| The records |
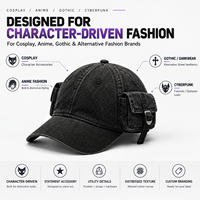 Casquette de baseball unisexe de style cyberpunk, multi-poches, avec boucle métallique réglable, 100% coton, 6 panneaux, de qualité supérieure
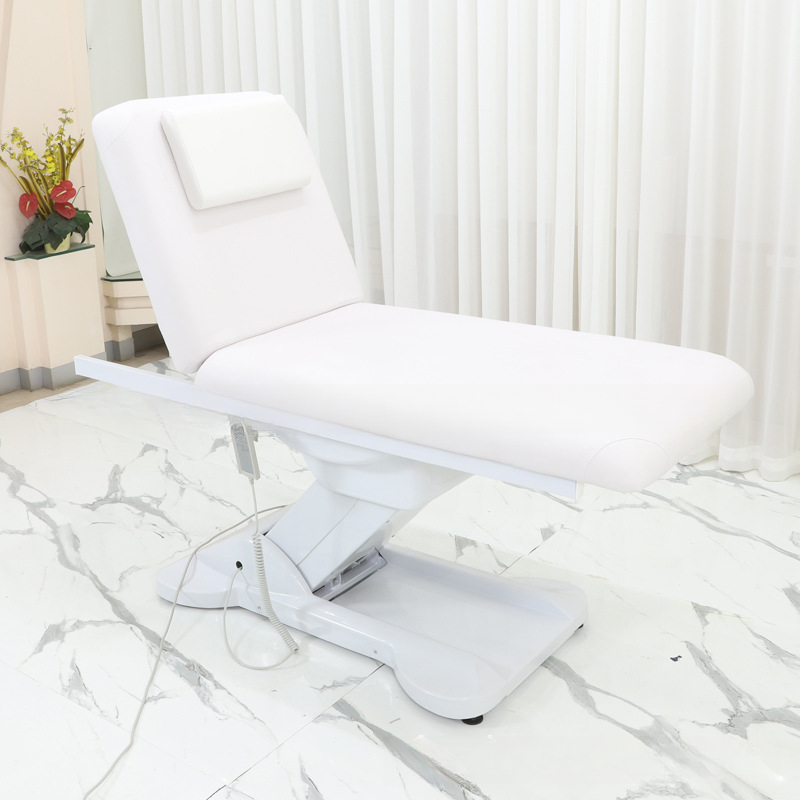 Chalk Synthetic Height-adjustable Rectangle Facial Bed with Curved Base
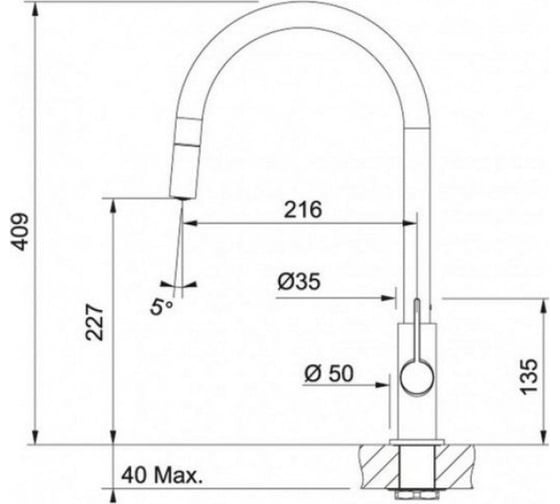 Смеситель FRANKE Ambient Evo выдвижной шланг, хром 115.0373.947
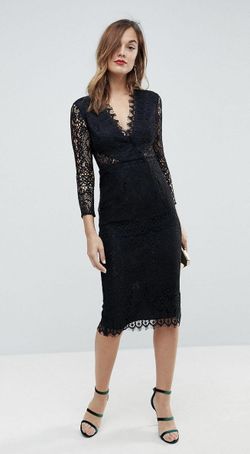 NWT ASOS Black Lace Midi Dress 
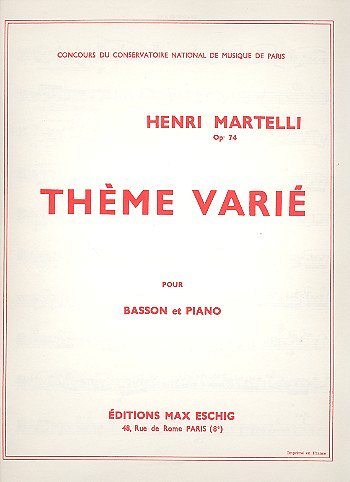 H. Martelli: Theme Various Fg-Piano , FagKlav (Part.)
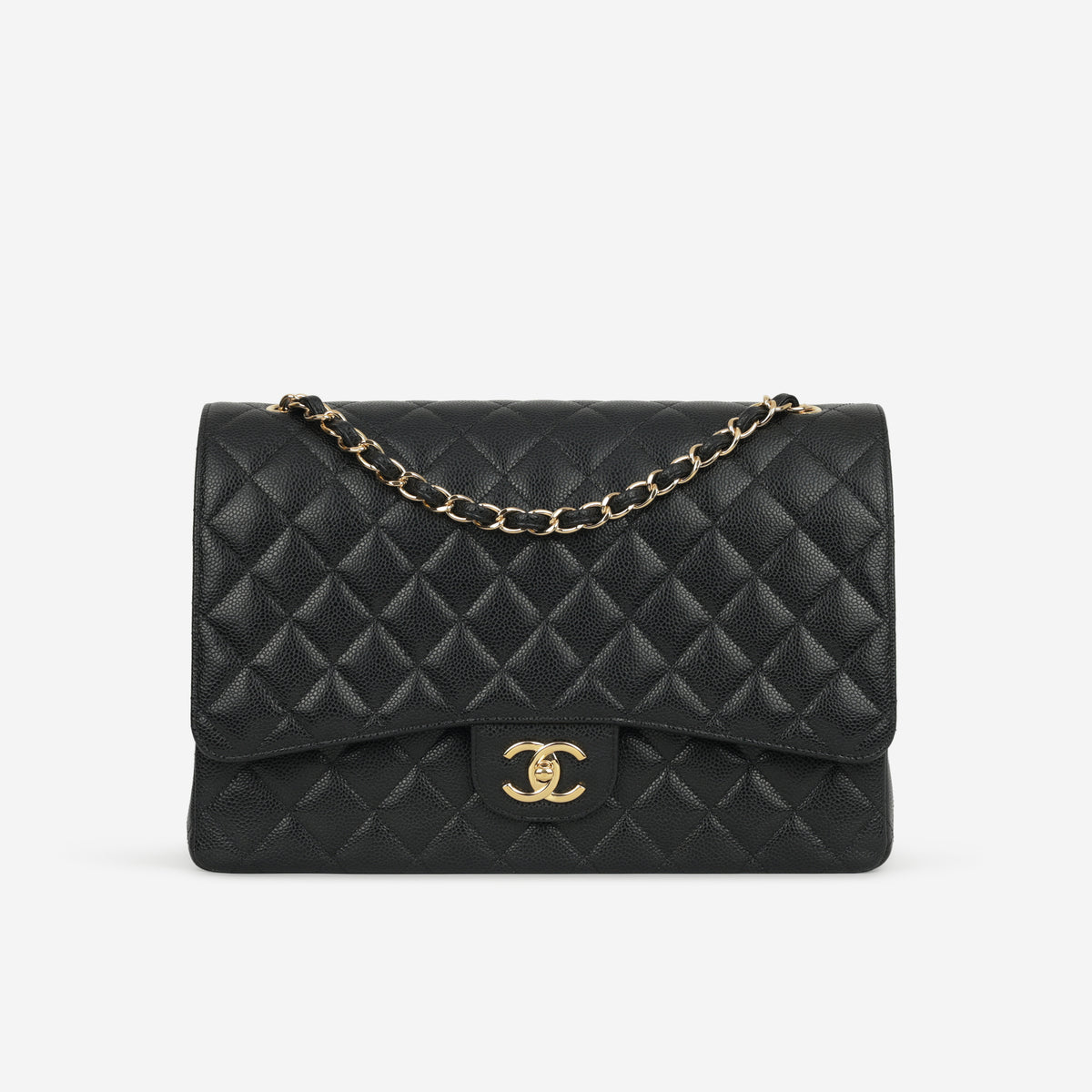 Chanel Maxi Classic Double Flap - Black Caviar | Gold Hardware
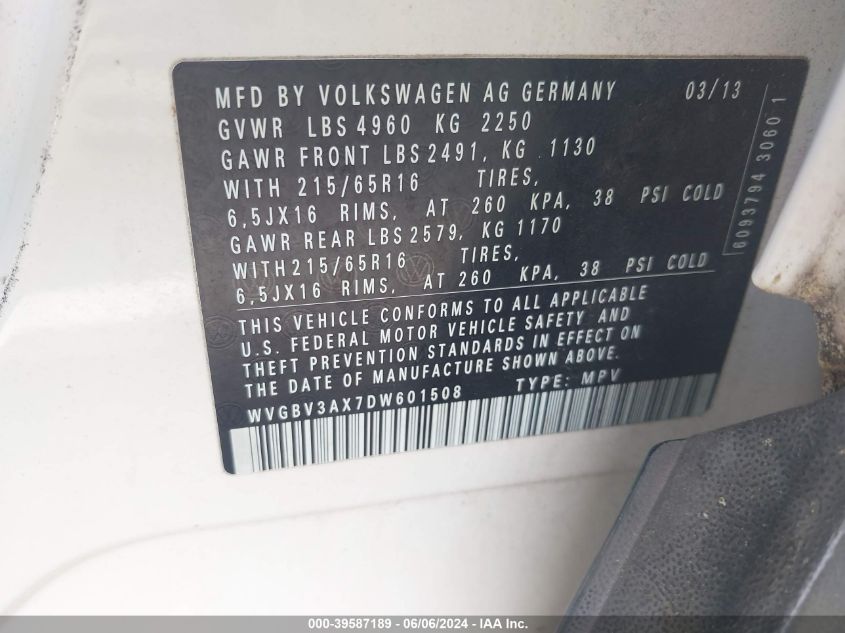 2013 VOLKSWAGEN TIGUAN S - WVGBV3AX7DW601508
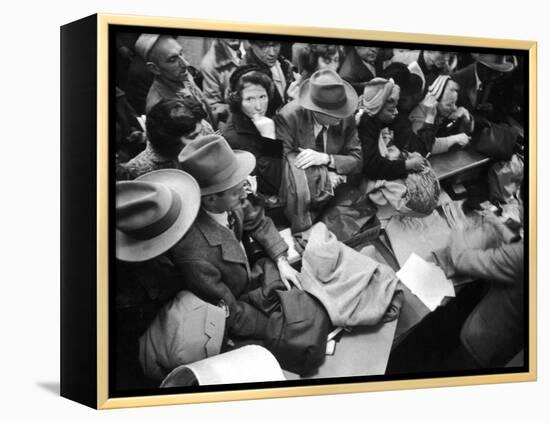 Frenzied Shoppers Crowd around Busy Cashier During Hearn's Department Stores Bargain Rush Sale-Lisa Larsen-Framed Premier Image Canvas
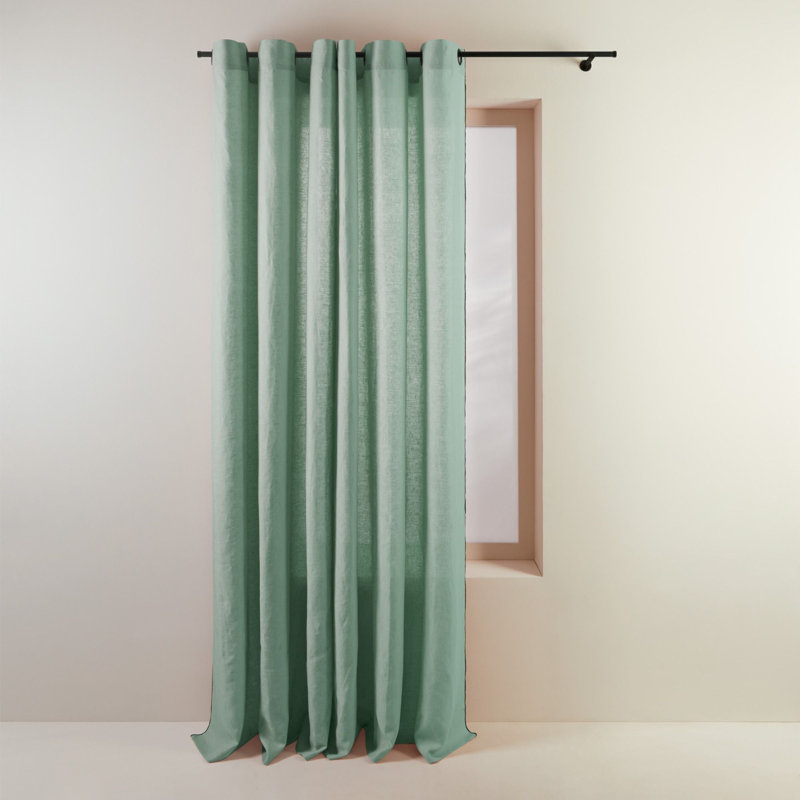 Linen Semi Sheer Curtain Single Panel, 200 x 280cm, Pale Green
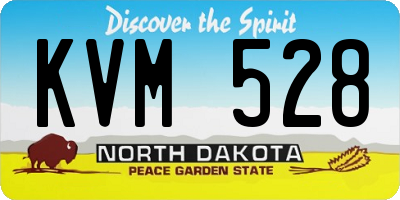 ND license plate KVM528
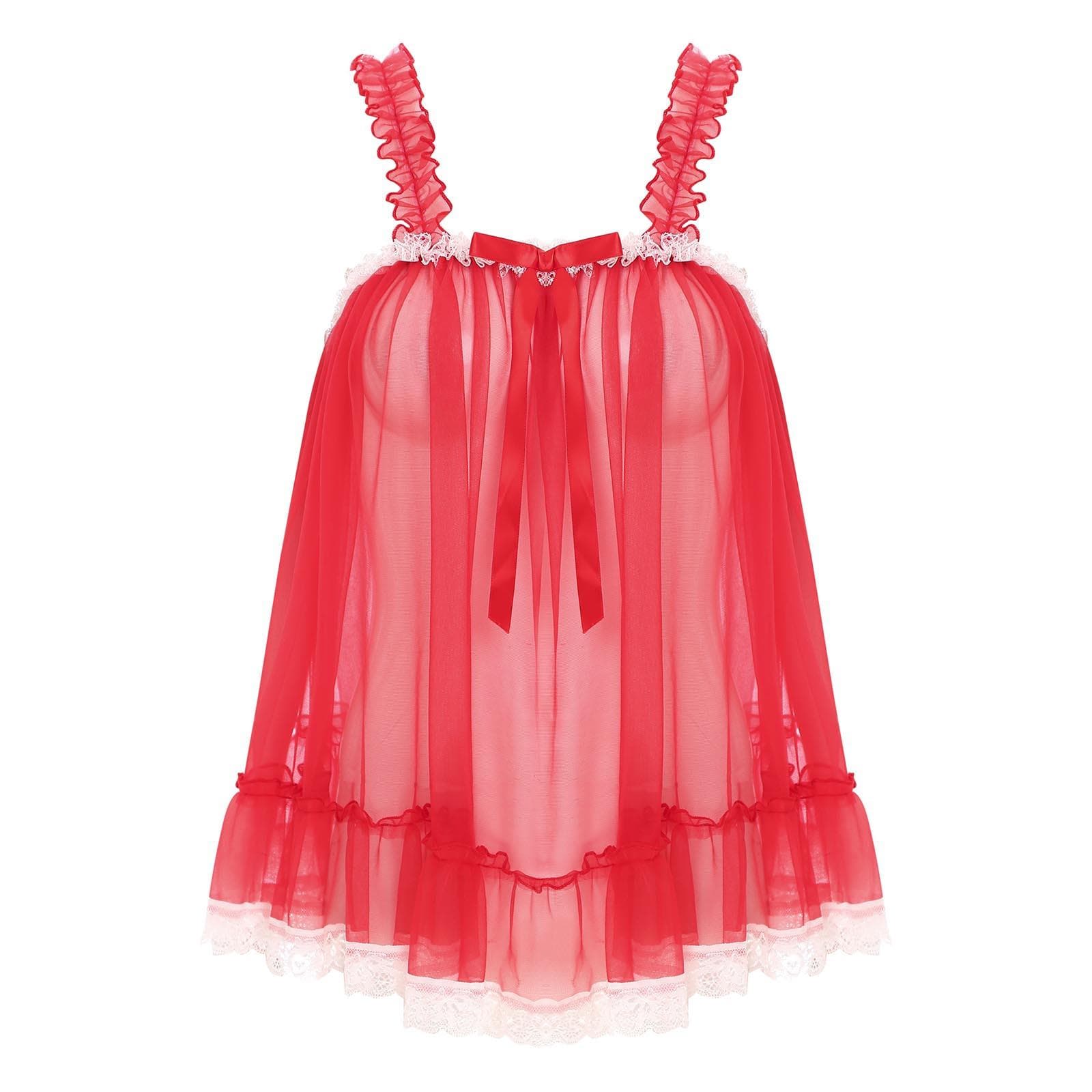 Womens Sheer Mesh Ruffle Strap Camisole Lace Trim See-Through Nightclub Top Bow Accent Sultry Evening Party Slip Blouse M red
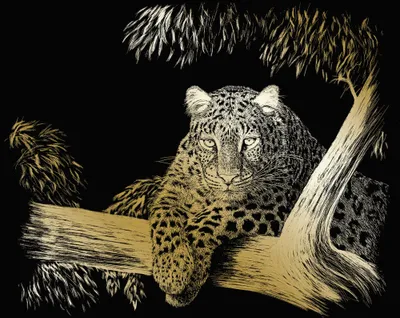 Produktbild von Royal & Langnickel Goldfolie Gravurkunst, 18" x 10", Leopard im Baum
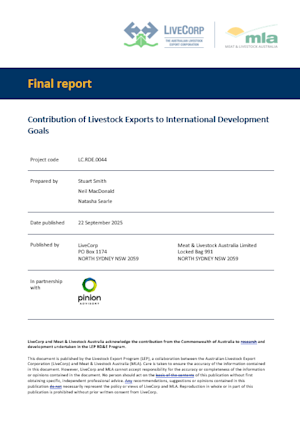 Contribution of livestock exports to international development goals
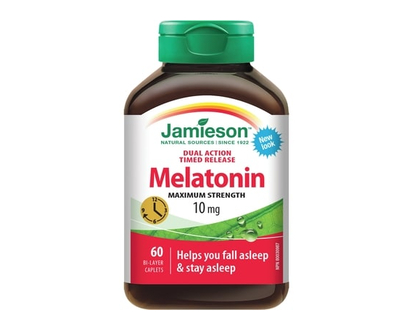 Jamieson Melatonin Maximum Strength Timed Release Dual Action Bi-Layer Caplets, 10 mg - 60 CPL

| Goal of the exercise |
Every line of the material must be returned verbatim, and pictures must be left behind.

| Reply |
 Casquette de baseball unisexe de style cyberpunk, multi-poches, avec boucle métallique réglable, 100% coton, 6 panneaux, de qualité supérieure
 Chalk Synthetic Height-adjustable Rectangle Facial Bed with Curved Base
 Смеситель FRANKE Ambient Evo выдвижной шланг, хром 115.0373.947
 NWT ASOS Black Lace Midi Dress 
 H. Martelli: Theme Various Fg-Piano , FagKlav (Part.)
 Chanel Maxi Classic Double Flap - Black Caviar | Gold Hardware
 2013 VOLKSWAGEN TIGUAN S - WVGBV3AX7DW601508
 Frenzied Shoppers Crowd around Busy Cashier During Hearn's Department Stores Bargain Rush Sale-Lisa Larsen-Framed Premier Image Canvas
 Linen Semi Sheer Curtain Single Panel, 200 x 280cm, Pale Green
 ND license plate KVM528
 Womens Sheer Mesh Ruffle Strap Camisole Lace Trim See-Through Nightclub Top Bow Accent Sultry Evening Party Slip Blouse M red
 Produktbild von Royal & Langnickel Goldfolie Gravurkunst, 18" x 10", Leopard im Baum
 Contribution of livestock exports to international development goals
 Jamieson Melatonin Maximum Strength Timed Release Dual Action Bi-Layer Caplets, 10 mg - 60 CPL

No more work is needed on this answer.